U.S. Presidential Campaigns and the National Vote

Foreword Review — Mar / Apr 2000

Political pundits frequently attribute an election loss or victory to a “regrettable gaffe, the brilliant maneuver, the key endorsement or the bungled strategic move.” Although images of Reagan’s “there-you-go-again” put down of President Carter, President Ford declaring that there is no Soviet domination of Eastern Europe and Richard Nixon’s “secret plan” for winning the Vietnam War are strongly associated with the winners and losers of the elections of 1980, 1976 and 1968, Campbell, professor of political science at State University of New York at Buffalo, spent ten years researching presidential campaigns to dispute the over importance attached to what he terms these unsystematic campaign effects.

The author, through his “Theory of the Predicable Campaign,” demonstrates his contention that political science is not just concerned with explaining elections but also predicting their outcomes. According to his theory, presidential campaigns are constrained by the widespread partisanship of the electorate: approximately eighty-five percent of the electorate is Republican or Democrat. Political parties are stronger and voters are less independent than perceived. Campaign effects are variables that can be historically quantified and used as predictors of elections. The ones he identifies are the narrowing gap between the leading candidate and his challengers, the state of the election year economy and the advantage of incumbency, which provides little advantage to a candidate whose party has been in office for two consecutive terms.

Systematic campaign effects, notes Campbell, only produce an average of a four percent shift in the total vote. Actually, from 1960-1980 incumbency was viewed more as a liability: Ford (1976) and Carter (1980) were defeated, Johnson (1968) chose not to run for a second term and Nixon (1972) was forced to resign in 1974. From 1868 through 1996, however, incumbents have won in fourteen of twenty-one elections.

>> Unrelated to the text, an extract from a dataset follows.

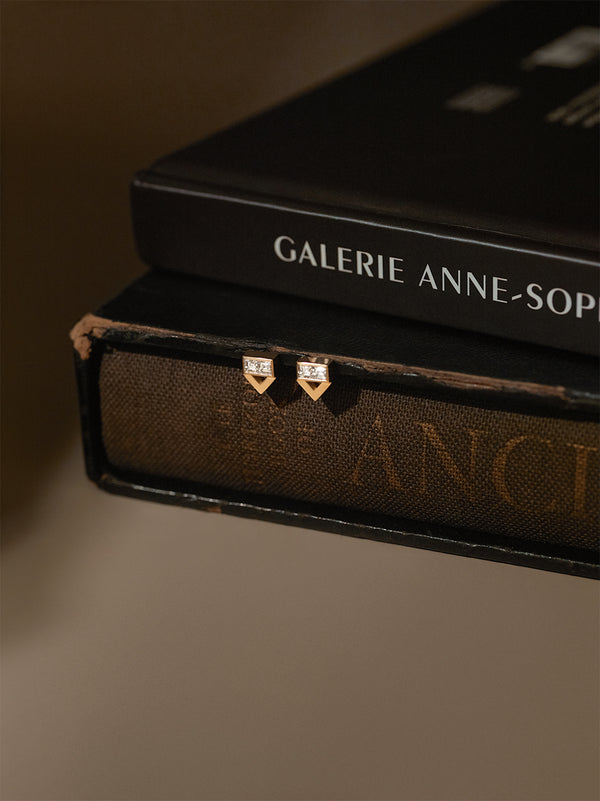 Azlee Deco Chevron Diamond Studs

Americans, rightly or wrongly, hold presidents responsible for the state of the economy. This systematic campaign effect works to the incumbent’s advantage when economic conditions are favorable, but as Jimmy Carter learned in 1980, can be the leading contributor to a loss during a recession. The narrowing of the frontrunner’s lead, the most predictable campaign effect, has been positively demonstrated in twelve of the last thirteen elections.

Campbell reveals, in this rigorous analysis of voting behavior aimed at political scientists and advanced students, that although the impacts of campaign effects are limited, they have been decisive in one of every five to six elections. Candidates that account for the narrowing of the frontrunner’s lead, the election year economy and incumbency can more effectively plan their campaign strategies. Campaigns, over all, are limited in influence and predictable, but important because they stimulate voter interest and encourage candidate responsiveness.